The government listened to sustained advocacy and created a rescue package. The package will put about $600 million into the early education and care sector over the next 3 months, in addition to the estimated $1 billion that education and care services are projected to receive from JobKeeper. This totals $1.6 billion of government money that will go towards keeping education and care services across Australia functioning.
How does this compare to what services were getting pre COVID-19? In the September 2019 quarter the total of Child Care Subsidies paid to services was just under $2.2 billion. Services also got fees from parents.
The net result is less money going into the sector but still a significant amount more than would have remained in the system without government intervention. (The Government calculated that subsidies and fees would have dropped to around $1.3 billion because of the number of children being withdrawn.)
The services that recognised this are grateful and have gone, “yes, we can do this”. Even with no parental fees, between the JobKeeper funding, the rescue package and some money through the Boosting Cash Flow for Employers fund, they think they can manage. Liam McNicholas, who works for Northside Community Services in Canberra that runs 4 education and care services put it this way – “We will survive, not thrive.”
So why are some services saying they won’t survive? Why are some services setting up GoFundMe campaigns begging parents to cover their staff wages, or no longer supplying food or nappies on the grounds they can’t afford it? Why are some FDC educators telling families they have taken a 50% cut in their income and that they are having to work for half their usual hourly income to pay for the free childcare the government has promised?
A mix of reasons. Done on the fly, the package was badly explained to the sector by the Government – a lot of services and educators still don’t fully understand the nuances of it, especially how the JobKeeper package will provide the rest of the money they need to survive.
The education and care sector is currently run on a mixed model of for-profit services and not for-profit ones. Most for profit providers run just one service. Some of these are great services run by smart people who can see how they can survive through COVID-19 disruptions. Others are badly managed by people without the necessary financial skills. Some, I’m sad to say, are run by individuals prepared to accept guaranteed government funding during the good times and then fail to accept when government funded profit takes even a small hit. They don’t realise we are in an unprecedented pandemic. They don’t realise how lucky they are to work in an industry that was thrown a lifeline by the Government.
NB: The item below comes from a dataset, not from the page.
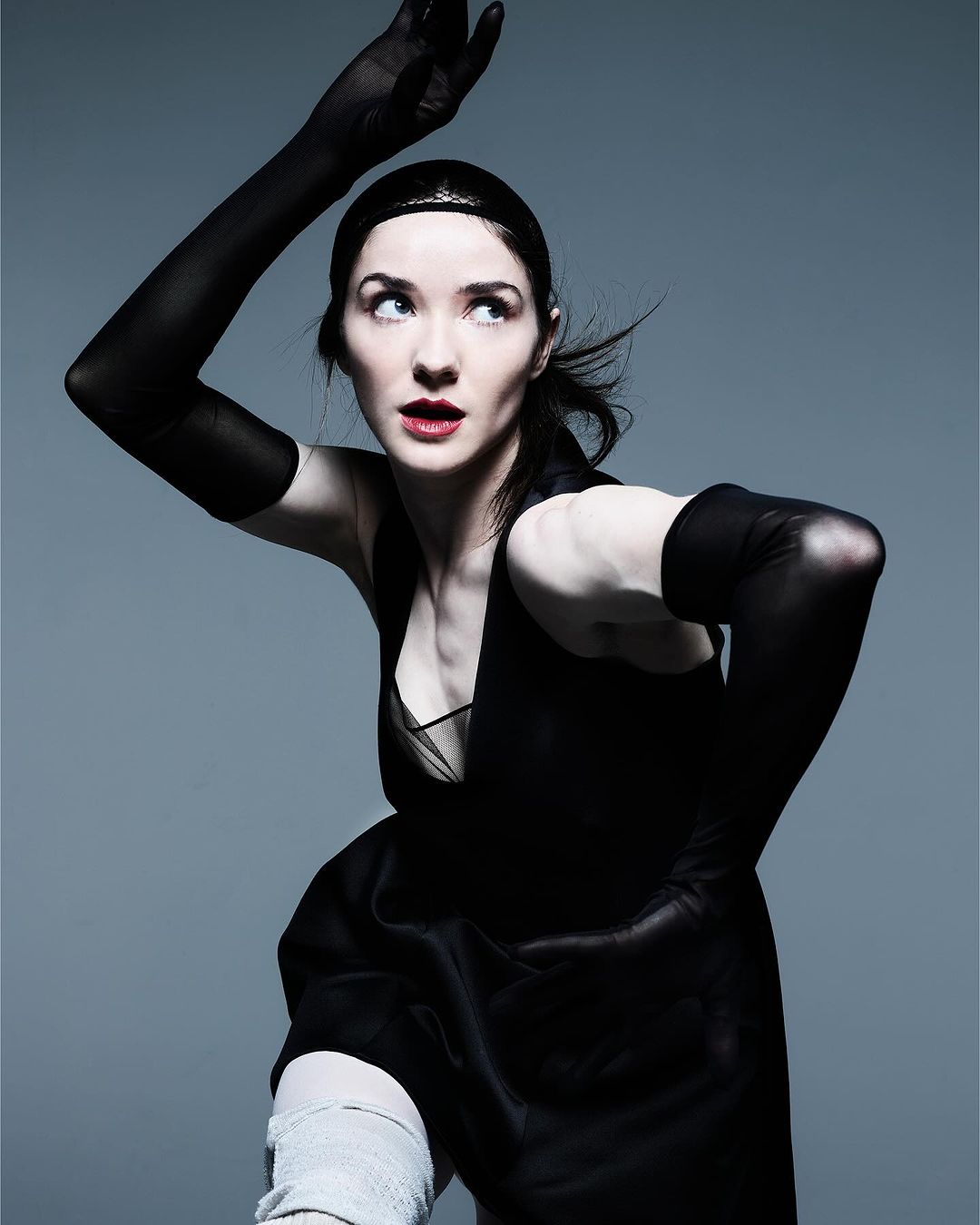 Adult woman posing in a black dress and long black gloves, arm raised, glancing upward against a grey gradient background.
Without a doubt, some services and FDC educators will have cash flow problems until the JobKeeper allowance starts flowing at the beginning of May. And that is a big kicker because we are talking about cash flow problems in one of the most underpaid sectors there is. Educators don’t earn high wages so don’t have the same buffer that other workers might have.
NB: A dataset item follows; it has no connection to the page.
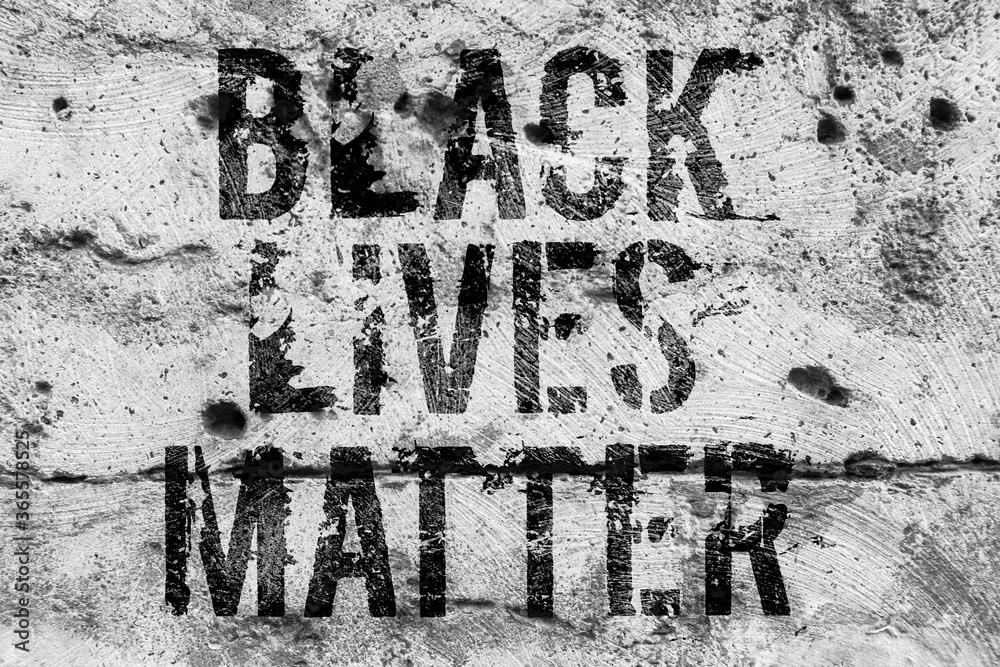 The inscription black lives matter on the toner wall. The inscription black lives matter on the toner wall.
And because educators earn so little, the education and care workforce is full of overseas workers on temporary visas. Unfortunately, these people are not eligible for the JobKeeper package. Some employers seem to think they should only pay employees who are eligible for JobKeeper directly rather than looking it as a subsidy to help continue to pay their entire workforce in these difficult times.
So what should parents do if the centre where their child attends tells them the sky is falling in?
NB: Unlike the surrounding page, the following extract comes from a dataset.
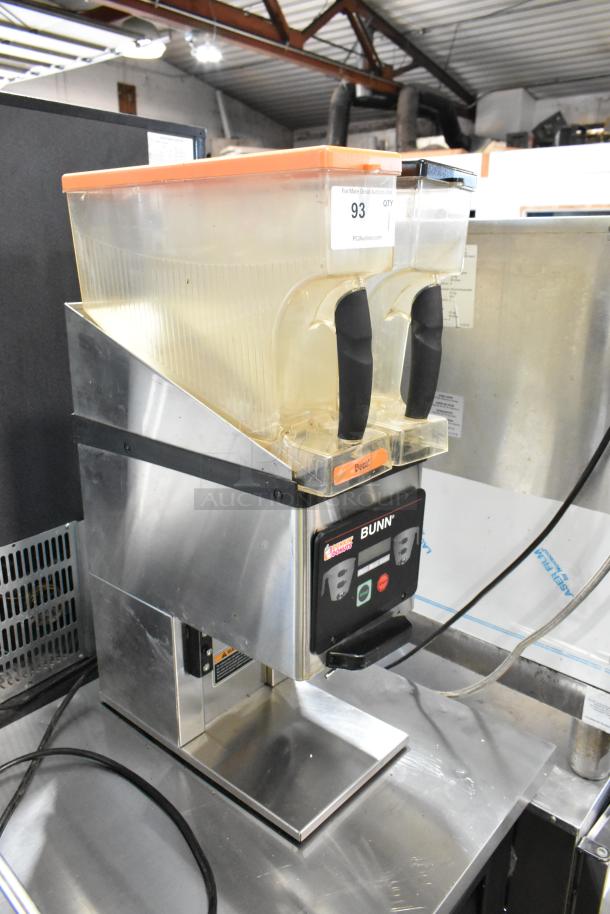 Bunn MHG stainless steel countertop coffee grinder with dual hoppers, 120V, 1 phase. Clean surface, clear labels visible.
Test it. See if they understand the various components of the package. You can read more about them here. Then ask if they have applied for an Exceptional Circumstances Supplementary Payment. This is the last resort funding package for services that really do fall through the cracks. If they haven’t, don’t part with a cent of your money.
If they have, but still legitimately believe they will struggle, then parents could consider helping out.
But remember that in order to get funding under the Early Childhood Education and Care Relief Package, services are not allowed to charge families fees. Openly solicited ‘donations’, which parents are pressured to supply, are pretty much fees by another name.
But the real problem is with a system where people can profit from the supply of early education and care. If our government decided that all early education and care should remain free, even after the pandemic, we would never get into a situation where businesses could beg from parents again.
Radical idea, isn’t it? Government funding and profit making banned. Oh that’s right, that’s exactly how our school funding system already works.
If that is a good enough way to fund our children’s education from the age of 5, why not their early education too?
Maybe then there would be no mess needing special complex handouts from government or donations from parents. Like schools we could have remained open, no matter how many children showed up. And our teachers and educators would have all been paid regardless.
And the real kicker? This kind of system probably wouldn’t have cost governments much more in the first place.
Update: Lisa Bryant and Women’s Agenda are aware that for some FDC educators who are caring for the same number of children as before COVID-19 or who are not eligible for JobKeeper, the money available under the relief package is not enough. These services should be submitting a claim for supplementary relief. Our understanding is that the Government is still exploring other ways to assist these educators.